Seeking Refuge beyond Europe

The special issue „Seeking Refuge beyond Europe. New perspectives on European Refugees, Migrants and Exilees in the Middle East and North Africa, 19th-20th centuries” aims at investigating the societies of the Middle East and North Africa as spaces of arrival, transit and settlement for refugees from Europe in the late 19th and 20th centuries.

In the light of current arrivals of refugees from MENA and beyond in Europe, historiography of the last 20 years has started to highlight the presence of Arab migrants in European countries as well as their political and social engagement there since the late 19th century. However, the fact that Europeans where themselves fleeing to the Middle East and North Africa in this period has only recently attracted the interest of historians.

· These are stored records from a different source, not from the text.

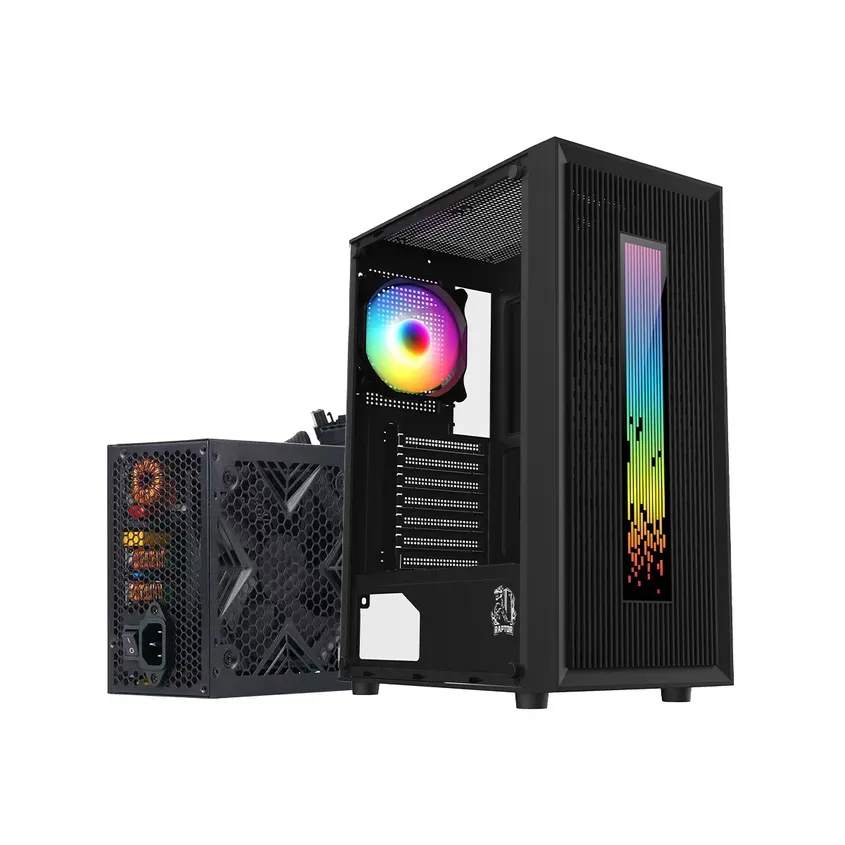 Gabinete Gamer Raptor Vortex con Fuente Raptor Volt 650W 80+ Bronze 1-0418004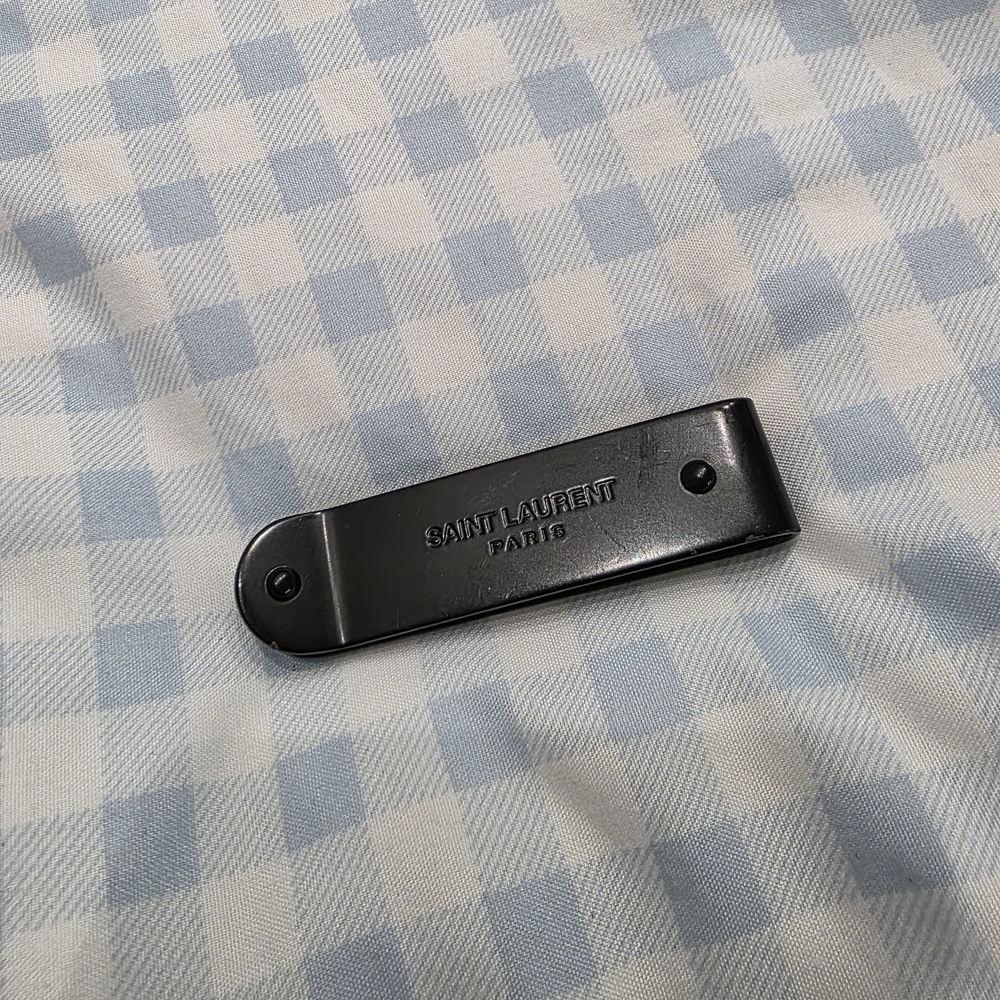 Saint Laurent Black Money Clip Ysl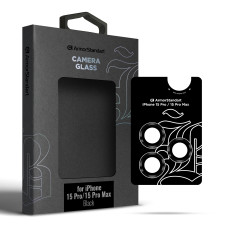 Захисне скло для камери ArmorStandart Supreme Black Icon for iPhone 15 Pro/15 Pro Max Black Titanium (ARM76591)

The dissolution of the Ottoman Empire in the Balkans and the Caucasus, the two World Wars, the Jewish migration to Palestine and the creation of the state of Israel, the postwar decolonization constitute some of the turning points in this history of displacement, migration and exile that connects the MENA region to Europe. It seems worthwhile to deepen this question further and to explore the arrival of refugees from Europe in the Middle East and North Africa and their interaction with the civil societies, but also the state institutions in these countries. A comparative perspective both in terms of space and of time seems particularly promising as it asks for the points in common and the differences between the different countries in MENA as well as the evolution of their refugee, settlement and migration policies over time. In this regard, the respective role of the late Ottoman, national and colonial governmental structures will be of particular interest in order to understand the different political factors at stake for the interactions between refugees and the local societies.
By exploring these research questions, the special issue seeks to contribute to different fields of research.
- First of all, it is conceived in dialogue with the historiography on expatriate communities which had been present in the Middle East and North Africa often since some generations, such as the Greek, Italien or French communities in Egypt or Tunis. Adding refugees to this picture helps to differentiate the different categorgies at stake (migrants, refugees, diaspora) as well as the blurring boundaries between them.
- Second, this research focus contributes to the historiography on humanitarian organizations in the Middle East, being from international, national or local origin. Integrating European refugees into their field of action shows that there were not only Western aid givers on the one side and Arab aid recievers on the other, but that there were humanitarian actors and beneficiaries on all sides.
- Third, this research adds new perpspectives to the historiography on displacement and forced migration in the Arab world and on Arab, in particular Palestinian, refugees in the Middle East, by showing that Arab societies and state structures had been confronted by other refugees earlier or at the same time and that the question of refugees or migration has never been an affair of inter-Arab relations only, but of European-Arab relations at large. It seems thus important to integrate refugees from Europe into the larger question of the transformation of refugee and migration policies in the Middle East and North Africa between colonialism, anti-colonial nationalism and international relations in the late 19th and 20th centuries. As a result, this research promises new insights into European as well as modern Middle Eastern and North African history.
- Fourth, the special issue thereby contributes to colonial and postcolonial history more generally, as the figure of the ‚European/Western‘ as a refugee in the (semi-)colonial world challenges established colonial hierarchies. Moreover, colonial entanglements and postcolonial challenegs can be studied in the humanitarian discourses and practices towards European, non-European, or “in-between”-refugee populations / in the MENA or in the (former) colonialized world more broadly.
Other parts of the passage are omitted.